Contribution and Merger Agreement
On May 8, 2007, Catalytica Energy Systems, Inc. (“Catalytica”) entered into a definitive Contribution and Merger Agreement (the “Contribution and Merger Agreement”) with Renegy Holdings, Inc., a Delaware holding company and wholly-owned subsidiary of Catalytica (“Renegy”), Snowflake Acquisition Corporation, a Delaware corporation and wholly-owned subsidiary of Renegy (“Merger Sub”), Renegy, LLC, an Arizona limited liability company (“Renegy LLC”), Renegy Trucking, LLC, an Arizona limited liability company (“Renegy Trucking”), Snowflake White Mountain Power, LLC, an Arizona limited liability company (“Snowflake” and together with Renegy LLC and Renegy Trucking, the “Renegy Companies”), Robert M. Worsley (“R. Worsley”), Christi M. Worsley (“C. Worsley”) and the Robert M. Worsley and Christi M. Worsley Revocable Trust (the “Worsley Trust” and, together with R. Worsley and C. Worsley, “Worsley”). Subject to the terms and conditions of the Contribution and Merger Agreement, Catalytica and the Renegy Companies will combine through the merger of Merger Sub with and into Catalytica, with Catalytica surviving the merger (the “Merger”), and the concurrent contribution of all of the membership interests in the Renegy Companies held indirectly by Worsley to Renegy (the “Contribution” and, collectively with the Merger, the “Transaction”). Upon the closing of the Transaction, Catalytica and the Renegy Companies will become wholly-owned subsidiaries of, and operate under, Renegy. The Contribution and Merger Agreement provides that Renegy will apply for listing on the NASDAQ Global Market.
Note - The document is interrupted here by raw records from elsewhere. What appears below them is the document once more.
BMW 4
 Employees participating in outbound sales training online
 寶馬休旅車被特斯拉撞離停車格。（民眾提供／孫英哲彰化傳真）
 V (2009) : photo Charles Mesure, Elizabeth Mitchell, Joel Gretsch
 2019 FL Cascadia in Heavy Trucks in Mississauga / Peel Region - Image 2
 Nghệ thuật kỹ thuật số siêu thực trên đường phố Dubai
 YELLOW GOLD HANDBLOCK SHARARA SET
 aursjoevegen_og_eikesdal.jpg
Catalytica stockholders will receive one share of Renegy common stock for each share of Catalytica common stock held and the Worsley Trust, a trust controlled by R. Worsley and C. Worsley, will receive 26,418,334 shares of Renegy common stock and warrants to purchase up to 17,311,156 shares of Renegy common stock in connection with the Transaction, in each case subject to adjustment pursuant to the terms of the Contribution and Merger Agreement. The warrants will have an exercise price of $2.34 per share, provide for vesting in three tranches conditioned upon Renegy’s achievement of certain renewable energy-related milestones, and expire at specified times no later than six years following the closing of the Transaction. Upon the closing of the Transaction, Catalytica stockholders will own approximately 41.5% of the outstanding stock of Renegy and Worsley will own approximately 58.5%, which would increase up to approximately 70% if the Worsley warrants are exercised in full. The Contribution and Merger Agreement provides that Worsley and Renegy will enter into a registration rights agreement governing the registration of shares of Renegy common stock issuable to Worsley in connection with the Transaction. Renegy will assume all outstanding Catalytica stock options in connection with the Transaction.
The Contribution and Merger Agreement provides that R. Worsley will serve as Chief Executive Officer, and that Robert W. Zack, Catalytica’s current President, Chief Executive Officer and Chief Financial Officer, will serve as Chief Financial Officer, of Renegy following the Transaction. In addition, the Contribution and Merger Agreement provides that the Board of Directors of Renegy initially will consist of five independent representatives from Catalytica’s current Board of Directors, Mr. Worsley, and a new appointee designated by Mr. Worsley and reasonably acceptable to Catalytica.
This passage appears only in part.